From: "Julia Evans" <julia@jvns•ca>
To: "Junio C Hamano" <gitster@pobox•com>
Cc: "Julia Evans" <gitgitgadget@gmail•com>,
git@vger•kernel.org,
"Kristoffer Haugsbakk" <kristofferhaugsbakk@fastmail•com>,
"D. Ben Knoble" <ben.knoble@gmail•com>,
"Patrick Steinhardt" <ps@pks•im>
Subject: Re: [PATCH v3] doc: add a explanation of Git's data model
Date: Thu, 16 Oct 2025 14:59:01 -0400 [thread overview]
Message-ID: <03db91a6-148b-436f-8afa-0273a1f5d508@app.fastmail.com> (raw)
In-Reply-To: <xmqq347i948a.fsf@gitster.g>
On Thu, Oct 16, 2025, at 12:54 PM, Junio C Hamano wrote:
> "Julia Evans" <julia@jvns•ca> writes:
>
>>>> +[[tree]]
>>>> +trees::
>>>> + A tree is how Git represents a directory. It lists, for each item in
>>>> + the tree:
>>>> ++
>>>> +[[file-mode]]
>>>> +1. The *file mode*, for example `100644`. The format is inspired by Unix
>>>> + permissions, but Git's modes are much more limited. Git only supports these file modes:
>>>> ++
>>>> + - `100644`: regular file (with type `blob`)

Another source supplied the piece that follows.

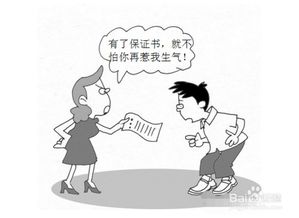 情侣分手应该怎么挽回,如何挽回分手的恋人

>>>> + - `100755`: executable file (with type `blob`)
>>>> + - `120000`: symbolic link (with type `blob`)
>>>> + - `040000`: directory (with type `tree`)
>>>> + - `160000`: gitlink, for use with submodules (with type `commit`)
>>>
>>> It is not really "supporting" file modes. Rather, Git only records
>>> 5 kinds of entities associated with each path in a tree object, and
>>> uses numbers taht remotely resemble POSIX file modes to represent
>>> these 5 kinds.
>>>
>>> Perhaps "supports" -> "uses"?
>>
>> "Uses" sounds good to me.
>
> Also "much more limited" is misleading. We only represent 5 kinds
> of things, so we use only 5 mode-bits-looking numbers.
What does it mislead the reader to think? My goal is to communicate that
if you want to tell Git to remember that a file's Unix permissions were
700, that's not possible.
>>>> +2. The *type*: either <<blob,`blob`>> (a file), `tree` (a directory),
>>>> + or <<commit,`commit`>> (a Git submodule, which is a
>>>> + commit from a different Git repository)
>>>> +3. The <<object-id,*object ID*>>
>>>> +4. The *filename*
>>>
>>> Here it may be worth noting that this "filename" is a single
>>> pathname component (roughly, what you would see in non-recursive
>>> "ls"). In other words, it may be a directory name.
>
> Comments?
Oops, missed this in my first pass.
I looked at them man pages for a couple of commands ("mv", "cp")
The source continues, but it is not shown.